参考文档:
Hive基准测试神器-hive-testbench_shining_yyds的博客-CSDN博客
GitHub - hortonworks/hive-testbench
hive tpcds-benchmark 测试_houzhizhen的博客-CSDN博客
1. 构造测试数据
1.1
数据单位为G,最小的数据大小为2,构造数据的命令如下:
cd hive-testbench
./tpcds-setup.sh 2
默认数据格式为ORC,想要切换格式可以执行
cd hive-testbench
FORMAT=textfile ./tpcds-setup.sh 2
or
cd hive-testbench
FORMAT=parquet ./tpcds-setup.sh 2
如果数据是on bos的则需要提前新建一个数据库再执行tpcds-setup.sh,
create database tpcds_bos_orc_3 location "bos://test/**/tpcds_bos_orc_3.db"
原代码是:
DATABASE=tpcds_hdfs_${FORMAT}_${SCALE}
改造之后增加了一个location的参数:BOS_OR_HDFS,部分代码如下:参数:
SCALE:数据量大小
BOS_OR_HDFS:存储位置 hdfs or bos
DIR:存储路径一般默认即可,hdfs 路径就是/tmp/tpcds-generate;bos的路径就是建集群时的location路径 bos://test/**/tpcds_bos_orc_3.db
# Get the parameters.
SCALE=$1
BOS_OR_HDFS=$2
DIR=$3
if [ "X$BUCKET_DATA" != "X" ]; then
BUCKETS=13
RETURN_BUCKETS=13
else
BUCKETS=1
RETURN_BUCKETS=1
fi
if [ "X$DEBUG_SCRIPT" != "X" ]; then
set -x
fi
i=1
total=24
DATABASE=tpcds_${BOS_OR_HDFS}_${FORMAT}_${SCALE}
MAX_REDUCERS=2500 # maximum number of useful reducers for any scale
REDUCERS=$((test ${SCALE} -gt ${MAX_REDUCERS} && echo ${MAX_REDUCERS}) || echo ${SCALE})

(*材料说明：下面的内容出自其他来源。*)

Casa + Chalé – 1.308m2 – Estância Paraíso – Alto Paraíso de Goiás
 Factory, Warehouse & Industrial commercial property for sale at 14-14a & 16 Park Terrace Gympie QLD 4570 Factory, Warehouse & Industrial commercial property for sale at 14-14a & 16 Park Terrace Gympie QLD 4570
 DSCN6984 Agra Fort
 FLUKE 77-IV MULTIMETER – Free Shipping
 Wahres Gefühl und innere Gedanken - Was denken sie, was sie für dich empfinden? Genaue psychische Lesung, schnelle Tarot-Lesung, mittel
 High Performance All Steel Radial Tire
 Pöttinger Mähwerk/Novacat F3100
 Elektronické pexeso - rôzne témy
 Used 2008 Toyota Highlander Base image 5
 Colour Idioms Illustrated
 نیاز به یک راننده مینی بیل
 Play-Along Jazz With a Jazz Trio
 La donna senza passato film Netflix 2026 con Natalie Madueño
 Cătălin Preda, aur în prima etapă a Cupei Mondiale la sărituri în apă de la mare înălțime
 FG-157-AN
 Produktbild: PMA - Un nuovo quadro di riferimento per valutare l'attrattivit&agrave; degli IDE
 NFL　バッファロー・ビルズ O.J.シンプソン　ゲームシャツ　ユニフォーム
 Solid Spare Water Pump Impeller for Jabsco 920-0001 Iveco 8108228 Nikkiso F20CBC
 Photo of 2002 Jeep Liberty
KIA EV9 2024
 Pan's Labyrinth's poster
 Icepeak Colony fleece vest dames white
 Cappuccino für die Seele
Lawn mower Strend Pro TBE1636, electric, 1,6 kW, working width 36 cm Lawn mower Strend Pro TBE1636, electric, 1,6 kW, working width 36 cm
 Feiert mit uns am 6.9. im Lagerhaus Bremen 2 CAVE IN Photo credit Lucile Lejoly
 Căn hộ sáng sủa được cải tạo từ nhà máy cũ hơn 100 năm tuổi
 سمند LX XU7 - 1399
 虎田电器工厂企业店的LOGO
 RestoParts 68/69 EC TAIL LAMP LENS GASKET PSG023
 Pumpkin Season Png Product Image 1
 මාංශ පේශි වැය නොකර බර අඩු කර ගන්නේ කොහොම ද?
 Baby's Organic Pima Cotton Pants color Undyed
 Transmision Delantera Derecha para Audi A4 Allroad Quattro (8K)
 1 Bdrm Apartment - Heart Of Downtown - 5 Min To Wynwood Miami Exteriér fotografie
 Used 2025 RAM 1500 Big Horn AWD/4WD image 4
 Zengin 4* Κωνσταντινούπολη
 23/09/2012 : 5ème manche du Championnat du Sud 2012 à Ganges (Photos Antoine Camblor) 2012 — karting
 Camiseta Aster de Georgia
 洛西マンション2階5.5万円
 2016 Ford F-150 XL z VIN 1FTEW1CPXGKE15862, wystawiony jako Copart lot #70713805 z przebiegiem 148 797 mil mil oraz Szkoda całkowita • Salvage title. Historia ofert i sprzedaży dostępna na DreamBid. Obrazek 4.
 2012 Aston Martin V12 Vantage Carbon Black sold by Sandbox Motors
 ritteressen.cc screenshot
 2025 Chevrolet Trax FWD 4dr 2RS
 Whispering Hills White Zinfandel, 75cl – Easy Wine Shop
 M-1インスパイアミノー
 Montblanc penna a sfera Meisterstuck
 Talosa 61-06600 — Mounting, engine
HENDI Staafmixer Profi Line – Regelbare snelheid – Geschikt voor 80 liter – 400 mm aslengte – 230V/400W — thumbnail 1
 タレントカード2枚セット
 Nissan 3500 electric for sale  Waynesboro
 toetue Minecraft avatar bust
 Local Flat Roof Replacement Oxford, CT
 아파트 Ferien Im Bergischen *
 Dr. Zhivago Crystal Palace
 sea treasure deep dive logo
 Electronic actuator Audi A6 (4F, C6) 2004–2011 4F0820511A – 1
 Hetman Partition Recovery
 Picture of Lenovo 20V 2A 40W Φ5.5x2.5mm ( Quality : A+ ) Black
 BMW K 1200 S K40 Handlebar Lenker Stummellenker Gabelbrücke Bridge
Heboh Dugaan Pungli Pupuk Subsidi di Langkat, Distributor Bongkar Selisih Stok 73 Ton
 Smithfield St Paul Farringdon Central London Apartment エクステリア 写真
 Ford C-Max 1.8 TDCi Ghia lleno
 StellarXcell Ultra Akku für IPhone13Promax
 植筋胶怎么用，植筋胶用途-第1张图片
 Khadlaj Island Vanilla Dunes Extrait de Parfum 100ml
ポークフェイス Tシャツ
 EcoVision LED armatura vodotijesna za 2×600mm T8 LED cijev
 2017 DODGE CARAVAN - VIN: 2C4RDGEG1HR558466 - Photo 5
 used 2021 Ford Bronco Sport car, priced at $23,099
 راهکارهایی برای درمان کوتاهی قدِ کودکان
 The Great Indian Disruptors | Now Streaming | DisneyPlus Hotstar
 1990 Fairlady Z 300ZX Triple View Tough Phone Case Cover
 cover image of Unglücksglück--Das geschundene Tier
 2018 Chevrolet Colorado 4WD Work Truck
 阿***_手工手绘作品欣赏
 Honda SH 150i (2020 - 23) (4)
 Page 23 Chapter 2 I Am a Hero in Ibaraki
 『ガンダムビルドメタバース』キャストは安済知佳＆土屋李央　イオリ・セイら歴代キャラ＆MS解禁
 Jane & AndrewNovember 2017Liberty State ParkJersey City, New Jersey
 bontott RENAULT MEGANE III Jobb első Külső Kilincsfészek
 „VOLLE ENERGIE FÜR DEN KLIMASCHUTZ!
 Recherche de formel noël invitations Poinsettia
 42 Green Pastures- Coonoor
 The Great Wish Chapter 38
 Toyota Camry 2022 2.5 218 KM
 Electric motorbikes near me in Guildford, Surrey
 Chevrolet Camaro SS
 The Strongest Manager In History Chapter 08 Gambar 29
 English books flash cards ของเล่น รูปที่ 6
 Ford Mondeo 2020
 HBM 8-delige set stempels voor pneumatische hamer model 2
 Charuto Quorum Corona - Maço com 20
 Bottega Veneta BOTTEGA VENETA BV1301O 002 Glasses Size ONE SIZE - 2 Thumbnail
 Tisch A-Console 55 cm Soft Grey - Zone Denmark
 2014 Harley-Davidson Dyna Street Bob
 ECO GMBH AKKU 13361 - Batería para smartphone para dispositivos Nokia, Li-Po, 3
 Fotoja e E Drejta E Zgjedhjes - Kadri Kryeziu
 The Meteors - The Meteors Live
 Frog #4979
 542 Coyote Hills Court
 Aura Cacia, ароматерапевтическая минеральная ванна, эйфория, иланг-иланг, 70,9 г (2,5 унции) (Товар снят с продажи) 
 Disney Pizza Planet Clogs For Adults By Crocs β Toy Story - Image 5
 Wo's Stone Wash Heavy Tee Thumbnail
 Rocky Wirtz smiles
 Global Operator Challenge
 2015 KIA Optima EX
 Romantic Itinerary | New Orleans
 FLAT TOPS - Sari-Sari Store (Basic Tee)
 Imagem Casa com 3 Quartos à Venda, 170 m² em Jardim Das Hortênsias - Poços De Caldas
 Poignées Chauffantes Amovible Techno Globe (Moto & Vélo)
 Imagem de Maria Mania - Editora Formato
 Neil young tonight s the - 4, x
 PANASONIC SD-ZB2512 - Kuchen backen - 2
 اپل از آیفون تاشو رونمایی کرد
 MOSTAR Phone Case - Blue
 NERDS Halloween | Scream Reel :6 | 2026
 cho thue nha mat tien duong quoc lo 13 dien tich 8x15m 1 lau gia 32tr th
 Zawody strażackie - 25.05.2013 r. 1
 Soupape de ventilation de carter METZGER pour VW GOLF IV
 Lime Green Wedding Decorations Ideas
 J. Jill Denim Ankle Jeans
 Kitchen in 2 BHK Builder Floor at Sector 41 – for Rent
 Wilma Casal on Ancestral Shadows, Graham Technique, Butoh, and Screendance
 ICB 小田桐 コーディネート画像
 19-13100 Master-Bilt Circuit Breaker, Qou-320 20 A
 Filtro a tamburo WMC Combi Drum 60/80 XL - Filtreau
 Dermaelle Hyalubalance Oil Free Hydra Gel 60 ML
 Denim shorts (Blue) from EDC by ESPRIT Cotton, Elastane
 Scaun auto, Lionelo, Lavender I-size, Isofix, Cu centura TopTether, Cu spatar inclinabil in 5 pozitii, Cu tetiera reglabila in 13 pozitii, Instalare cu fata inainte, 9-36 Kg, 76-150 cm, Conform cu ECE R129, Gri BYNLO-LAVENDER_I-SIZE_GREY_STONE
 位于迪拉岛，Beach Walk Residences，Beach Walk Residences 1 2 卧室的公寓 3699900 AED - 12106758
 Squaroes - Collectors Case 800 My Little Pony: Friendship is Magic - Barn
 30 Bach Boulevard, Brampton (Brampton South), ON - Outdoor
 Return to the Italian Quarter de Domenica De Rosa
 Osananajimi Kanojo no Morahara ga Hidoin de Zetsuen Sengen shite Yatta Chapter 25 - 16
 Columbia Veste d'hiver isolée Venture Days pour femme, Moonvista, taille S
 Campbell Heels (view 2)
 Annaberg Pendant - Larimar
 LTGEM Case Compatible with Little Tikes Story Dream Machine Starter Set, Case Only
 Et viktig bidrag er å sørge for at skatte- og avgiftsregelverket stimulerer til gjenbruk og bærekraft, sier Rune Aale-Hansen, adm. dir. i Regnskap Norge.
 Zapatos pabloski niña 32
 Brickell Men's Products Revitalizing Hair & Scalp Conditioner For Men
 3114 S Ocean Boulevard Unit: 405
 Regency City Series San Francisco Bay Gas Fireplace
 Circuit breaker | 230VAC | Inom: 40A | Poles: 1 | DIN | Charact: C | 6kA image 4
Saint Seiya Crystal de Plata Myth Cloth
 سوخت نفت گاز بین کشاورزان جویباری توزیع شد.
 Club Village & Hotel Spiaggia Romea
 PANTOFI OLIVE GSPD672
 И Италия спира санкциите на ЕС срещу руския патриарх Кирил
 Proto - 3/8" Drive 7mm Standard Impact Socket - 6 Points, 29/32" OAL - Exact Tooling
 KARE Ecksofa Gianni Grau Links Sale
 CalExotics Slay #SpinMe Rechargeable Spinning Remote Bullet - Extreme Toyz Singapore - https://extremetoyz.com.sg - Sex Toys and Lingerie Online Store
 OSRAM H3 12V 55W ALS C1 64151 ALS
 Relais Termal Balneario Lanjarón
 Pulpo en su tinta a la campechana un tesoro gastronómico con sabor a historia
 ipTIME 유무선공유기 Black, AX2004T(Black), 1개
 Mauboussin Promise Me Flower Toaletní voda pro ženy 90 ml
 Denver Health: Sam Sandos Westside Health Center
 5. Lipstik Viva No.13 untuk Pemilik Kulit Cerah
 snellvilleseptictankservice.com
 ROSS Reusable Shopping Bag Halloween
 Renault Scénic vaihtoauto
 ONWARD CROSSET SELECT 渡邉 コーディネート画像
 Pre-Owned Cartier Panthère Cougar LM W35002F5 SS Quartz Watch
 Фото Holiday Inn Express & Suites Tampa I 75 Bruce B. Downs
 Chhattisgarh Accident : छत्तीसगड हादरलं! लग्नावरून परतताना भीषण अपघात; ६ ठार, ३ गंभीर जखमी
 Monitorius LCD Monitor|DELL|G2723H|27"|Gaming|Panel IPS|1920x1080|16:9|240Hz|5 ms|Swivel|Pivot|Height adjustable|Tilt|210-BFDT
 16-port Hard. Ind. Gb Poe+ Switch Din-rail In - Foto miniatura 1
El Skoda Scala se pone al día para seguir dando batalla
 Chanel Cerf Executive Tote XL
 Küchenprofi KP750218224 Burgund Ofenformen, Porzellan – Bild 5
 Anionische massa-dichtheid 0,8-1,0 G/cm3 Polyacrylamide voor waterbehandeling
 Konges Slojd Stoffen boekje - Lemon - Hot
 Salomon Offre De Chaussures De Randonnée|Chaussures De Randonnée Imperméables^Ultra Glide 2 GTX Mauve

echo before for t in ${DIMS}
所以最后的构造数据命令为:
cd hive-testbench
FORMAT=parquet ./tpcds-setup.sh 3 bos/hdfs
2. 执行查询测试
2.1 执行单个sql
hive -i /path/hive-testbench/sample-queries-tpcds/testbench.settings -e "use tpcds_bos_orc_3; source /home/hive/hive-testbench/sample-queries-tpcds/query{}.sql"
执行sql的日志可以查看ls sample-queries-tpcds/ 对应的query*.sql.log
2.2 批量执行sql
可以通过runSuite.pl 文件然后重定向到一个日志文件
这里也修改了下执行文件,$scale代表数据库
源码:
my @queries = glob '*.sql';
my $db = {
'tpcds' => "tpcds_bin_partitioned_orc_$scale",
'tpch' => "tpch_flat_orc_$scale"
};
修改为:
my @queries = glob '*.sql';
my $db = {
#'tpcds' => "tpcds_bin_partitioned_orc_$scale",
'tpcds' => "$scale",
'tpch' => "tpch_flat_orc_$scale"
};
perl runSuite.pl tpcds tpcds_hdfs_orc_2 orc "/opt/bmr/hive/bin/beeline -u jdbc:hive2://172.18.0.20:10000" > /tmp/tpcds.log 2>&1
最后的结果文件可以查看/tmp/tpcds.log
输出的结果类似如下:
[hive@bmr-master-89044c9 hive-testbench]$ perl runSuite.pl tpcds tpcds_hdfs_orc_2 orc "/opt/bmr/hive/bin/beeline -u jdbc:hive2://172.18.0.20:10000"
filename,status,time,rows
query10.sql,failed,65
query11.sql,success,249,100
query12.sql,success,98,100
query13.sql,success,79,1
query14.sql,failed,16
query15.sql,success,76,100
...